Last week, five major TV networks — ABC, CBS, NBC, CNN and Fox — sent a joint letter to Biden and Trump urging the two presumptive major party nominees “to publicly commit to participating in general election debates” leading up to the November election.

“General election debates have a rich tradition in our American democracy,” the group wrote. “There is simply no substitute for the candidates debating with each other, and before the American people, their visions for the future of our nation.”

The Commission on Presidential Debates — a vehicle that the Democratic and Republican parties created four decades ago to sponsor, produce and monopolize the presidential debates — has scheduled three such gatherings for Sept. 16, Oct. 1 and Oct. 9. But whether both candidates will show — and whether any third party hopefuls will be invited — remains unclear.

Trump, for his part, insists he’s rarin’ to go and will debate Biden “anytime, anywhere, anyplace.” If only he’d embraced the same attitude during the GOP primaries. Biden, meanwhile, has played it coy. In March, he told reporters that he was open to the idea, but that the decision to debate Trump “depends on his behavior,” whatever that means.

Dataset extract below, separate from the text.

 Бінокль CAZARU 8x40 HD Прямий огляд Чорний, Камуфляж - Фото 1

Critics have increasingly maintained that the debates — held in every presidential election year since 1976 — have outlived their usefulness and devolved into raucous shouting matches involving partisan talking points rather than thoughtful give-and-take. But this misses the point. Modern political campaigns now attempt to “control the message” through social media and interviews with friendly news outlets. Debates have become even more important because they help voters assess candidates in a more freewheeling environment.

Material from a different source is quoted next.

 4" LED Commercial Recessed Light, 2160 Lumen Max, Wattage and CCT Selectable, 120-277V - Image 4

Debates “introduce candidates to the public,” Jennifer Tiedemann, executive editor of Discourse magazine at George Mason University’s Mercatus Center, noted in a January op-ed for The Hill. “They allow voters to size up candidates and compare ideas, issue stances, personalities and temperaments with the goal of helping them make informed decisions at the ballot box.”

Biden is the president of the United States. “More than any president in recent memory, Biden, 80, has taken steps to reduce opportunities for journalists to question him in forums where he can offer unscripted answers and they can follow up,” The New York Times reported last year. Questions about his mental acuity hang over his re-election. He owes it to the American people to commit to the debate process, no strings attached.